At first glance Jackson seems to be simply a belated 18th-century worker in the chiaroscuro process. If to later generations his prints had a rather odd look, this was to be expected. Native qualities, even a certain crudeness, were expected from the English who lacked advantages of training and tradition. And Jackson was not only the first English artist who worked in woodcut chiaroscuro, he was virtually the first woodblock artist in England to rise beyond anonymity[2] (Elisha Kirkall, as we shall see, cannot positively be identified as a wood engraver) and he was the only one of note until Thomas Bewick arose to prominence about 1780. He was, then, England's first outstanding woodcutter. We will find other instances of his significance from the English standpoint, but his being English, of course, would have a small part in explaining the importance of his prints.

[Footnote 2: The only earlier name is that of George Edwards.

Oxford University has most of the blocks for a decorated alphabet he engraved on end-grain wood for Dr. Fell in 1674. Further data on Edwards can be found in Harry Carter's _Wolvercote Mill_, Oxford, 1957, pp. 14, 15, 20, and in Moxon's _Mechanick Exercises, or the Doctrine of Handy Works Applied to the Art of Printing_.

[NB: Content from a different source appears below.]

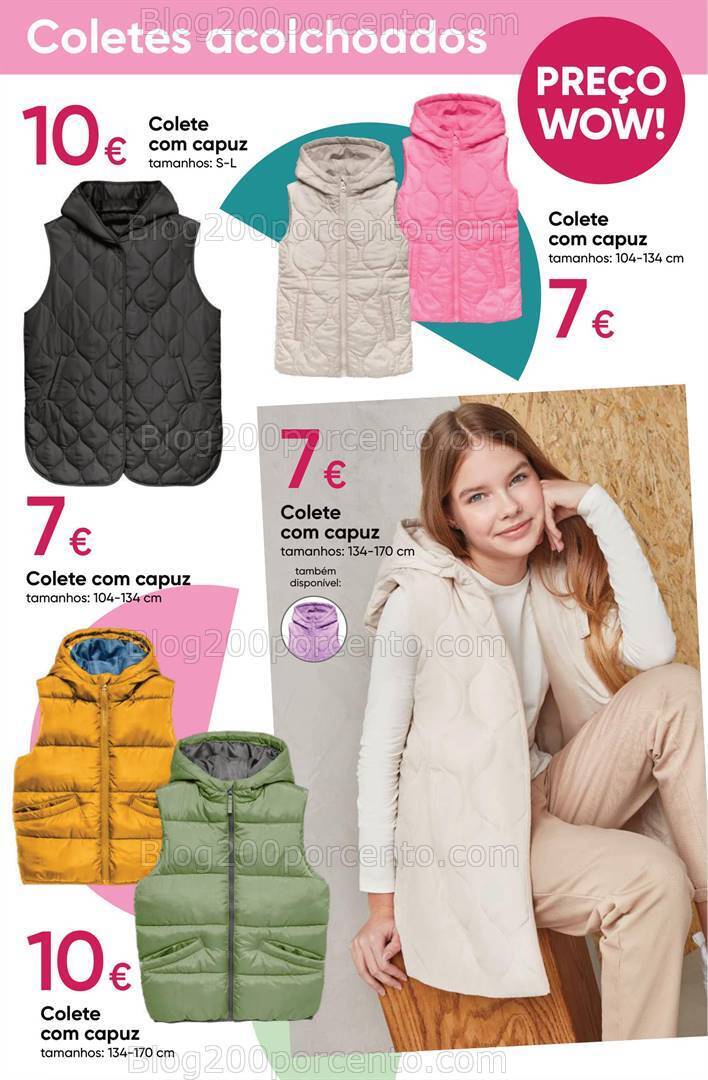 Antevisão Folheto PEPCO Primavera Moda Bazar Promoções de 14 a 27 março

(Reprint of 1st ed., 1683, edited and annotated by Herbert Davis and Harry Carter, Oxford, 1958, p. 26n.)]

Jackson made, in fact, the biggest break in the traditions of the woodcut since the 16th century. He broadened the scope of the chiaroscuro print and launched the color woodcut as a distinct art form that rivaled the polychrome effects of painting while retaining a character of its own. These were not modest little pieces of purely technical interest. The set of 24 sheets reproducing 17 paintings by Venetian masters made up the most heroic single project in chiaroscuro, and the 6 large landscapes, completed in 1744, after gouache paintings by Marco Ricci, were the most impressive color woodcuts in the Western world between the 16th century and the last decade of the 19th.

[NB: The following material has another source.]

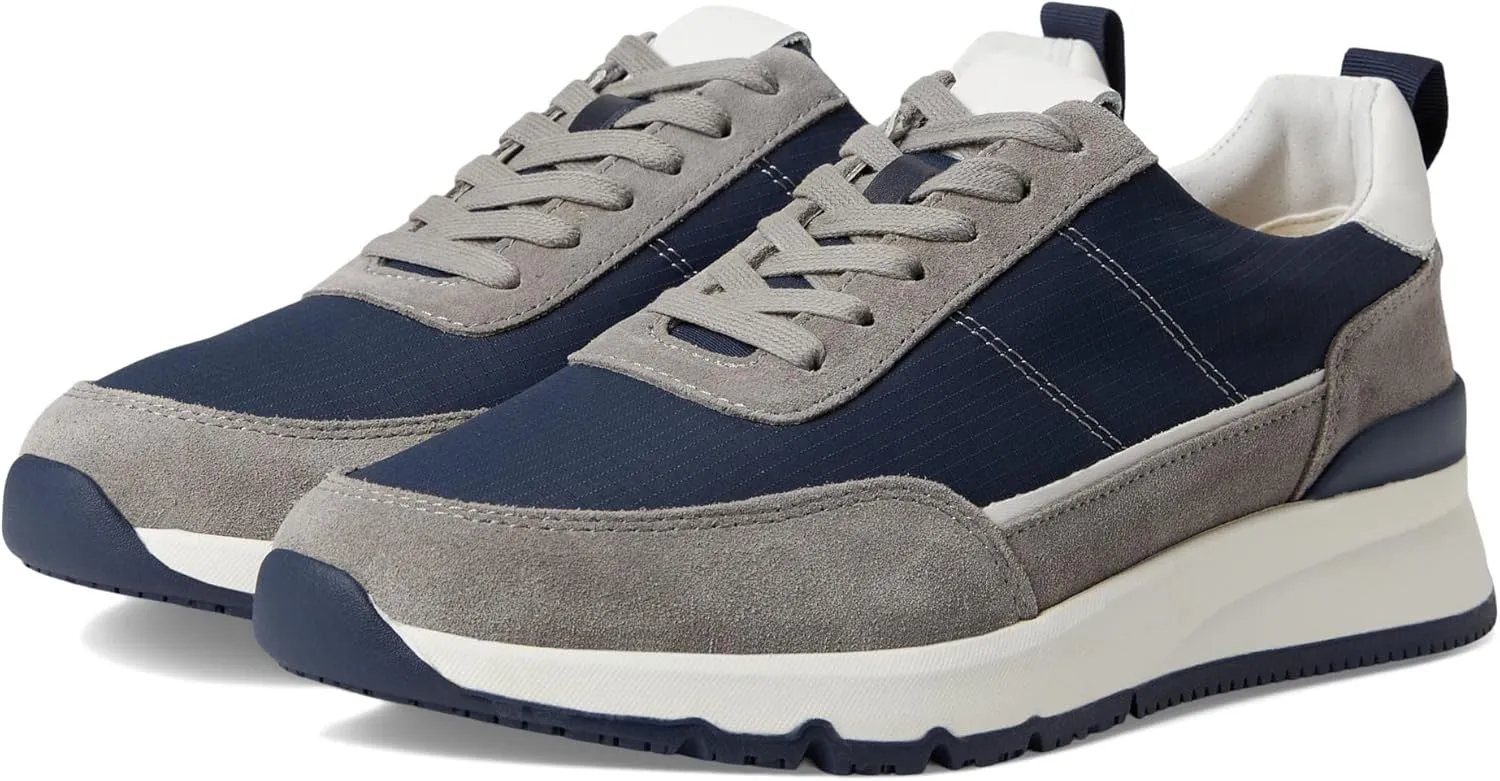 johnnie-O Prima Vintage Suede & Nylon Sneaker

But Jackson's grand ambition to advance the woodcut beyond all other graphic media had little public or private support and finally led him to ruin. His efforts were made with insufficient means and with few patrons. As a consequence, he rarely printed editions after the blocks were cut and proofed. The Venetian set is well known because it was printed in a substantial edition. A few additional subjects were also sponsored by patrons, but most of Jackson's other chiaroscuros were never published-- they were limited to a few proofs. Editions were postponed, no doubt, in the hope that a patron would come along to pay expenses in return for a formal dedication in Latin, but this did not often happen. Most subjects exist in a few copies only; of some, single impressions alone remain. Others have entirely disappeared.

With a large part of Jackson's work unknown, his reputation settled into an uneasy obscurity which, it must be granted, has not prevented his work from being collected. The chiaroscuros, especially the Venetian prints, can be found in many leading collections in Europe and the United States, but the full-color sheets after Ricci are excessively rare, particularly in complete sets.

Jackson has long been considered an interesting figure. _His Essay on the Invention of Engraving and Printing in Chiaro Oscuro_...,[3] with its bold claims to innovation and merit, his adventurous career as an English woodcutter in Europe, his adaptation of the color woodcut to wallpaper printing and his pioneering efforts in this field, and Papillon's immoderate attack on him in the important _Traite historique et pratique de la gravure en bois_[4] will be discussed later. For the moment we can say that the Essay was the first book by an Englishman with color plates since the _Book of St. Albans_ of 1486, with its heraldic s.h.i.+elds in three or four colors, and the first book with block-print plates in naturalistic colors.[5]